(Collection entries)

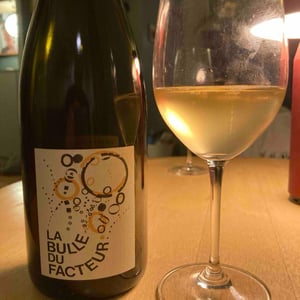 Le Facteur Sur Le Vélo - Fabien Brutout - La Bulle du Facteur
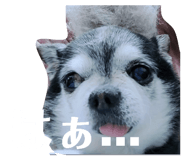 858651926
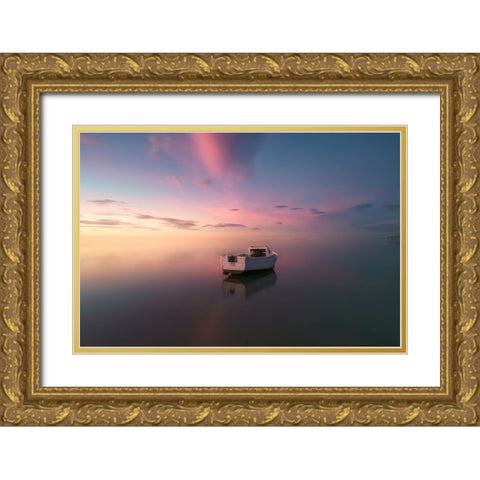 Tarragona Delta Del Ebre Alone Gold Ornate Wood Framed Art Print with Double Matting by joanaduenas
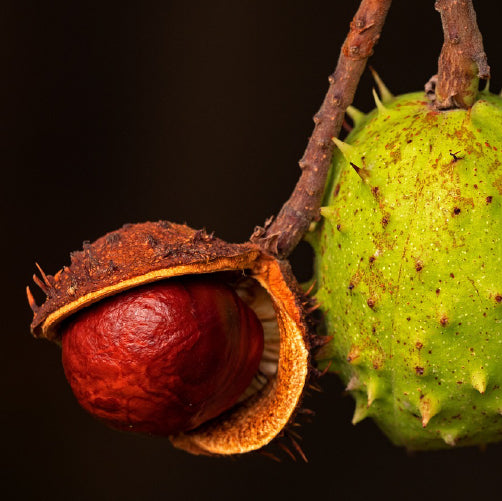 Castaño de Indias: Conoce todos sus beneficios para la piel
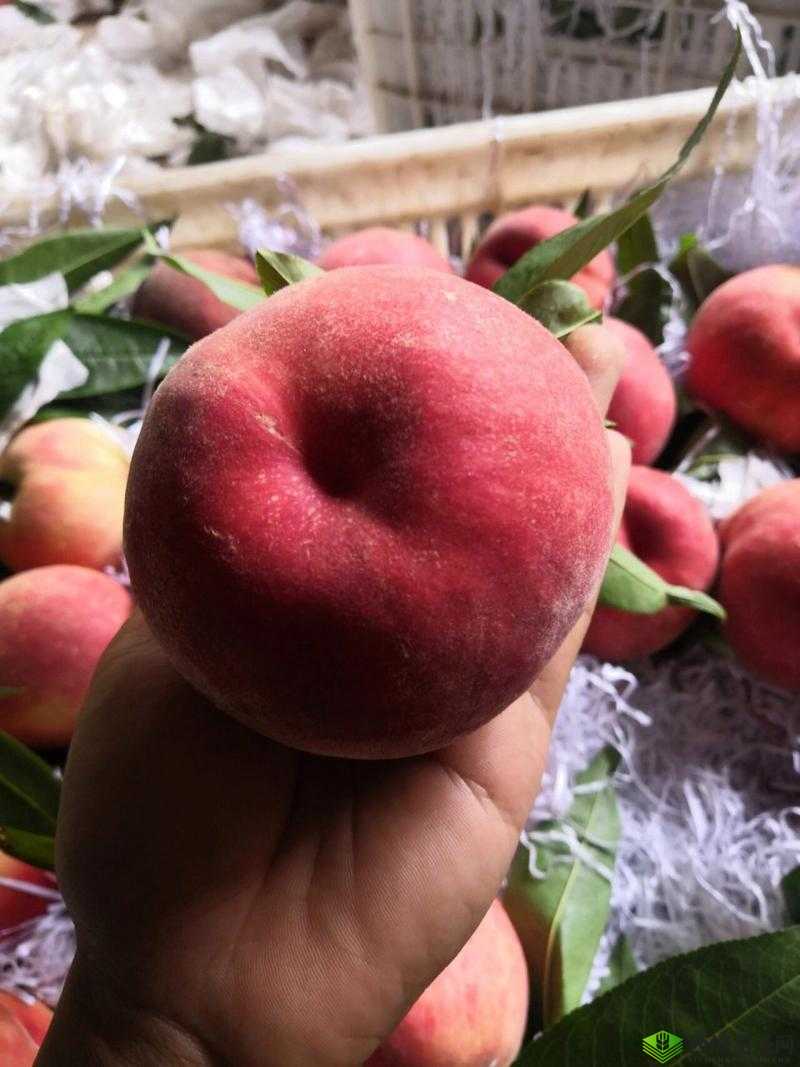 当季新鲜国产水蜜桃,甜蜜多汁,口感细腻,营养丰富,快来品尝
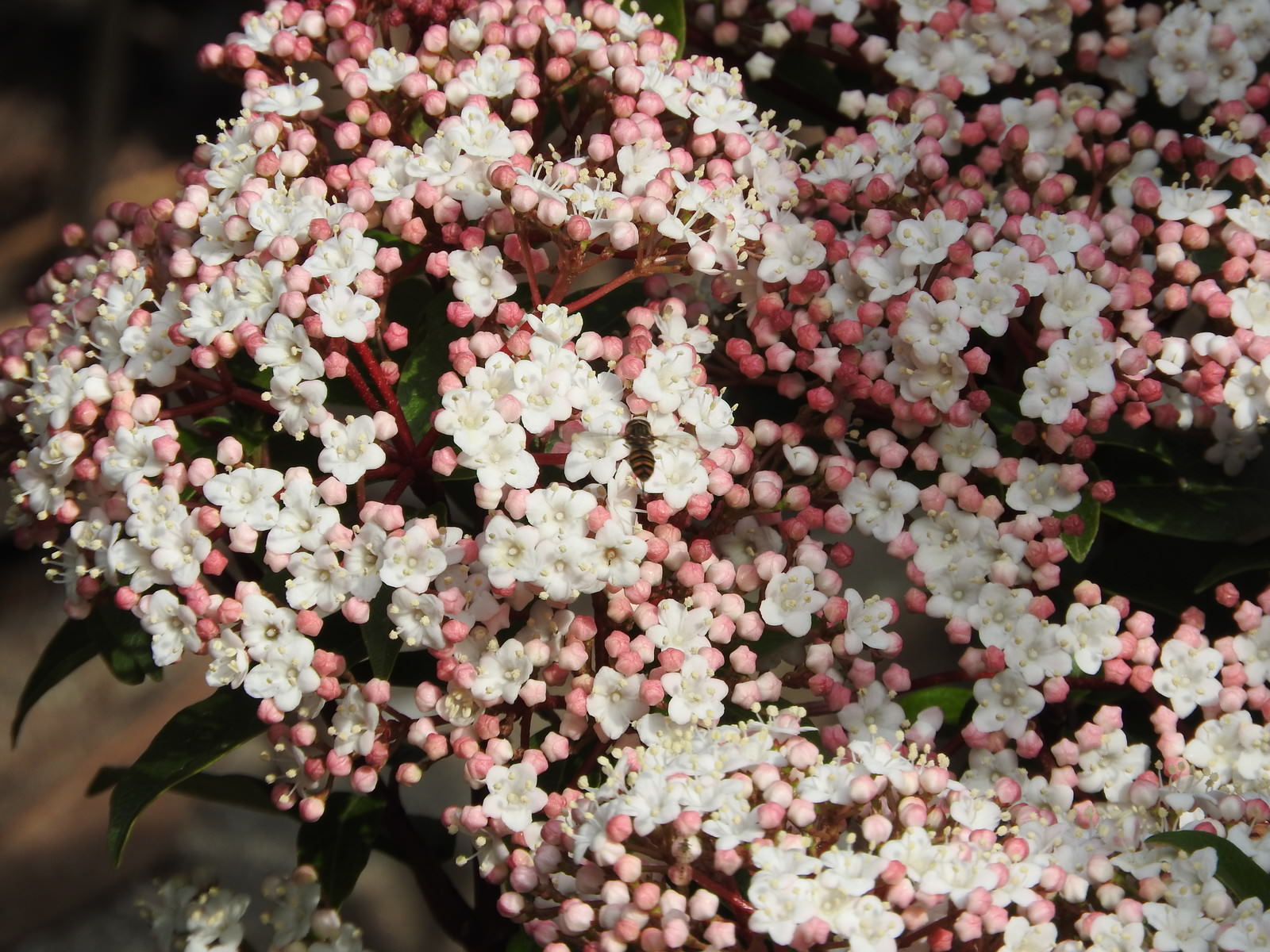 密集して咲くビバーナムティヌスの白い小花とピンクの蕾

▶ Instructions for the task
Every line above should be printed again word for word, without its pictures.

▶ Response below
 Le Facteur Sur Le Vélo - Fabien Brutout - La Bulle du Facteur
 858651926
 Tarragona Delta Del Ebre Alone Gold Ornate Wood Framed Art Print with Double Matting by joanaduenas
 Castaño de Indias: Conoce todos sus beneficios para la piel
 当季新鲜国产水蜜桃,甜蜜多汁,口感细腻,营养丰富,快来品尝
 密集して咲くビバーナムティヌスの白い小花とピンクの蕾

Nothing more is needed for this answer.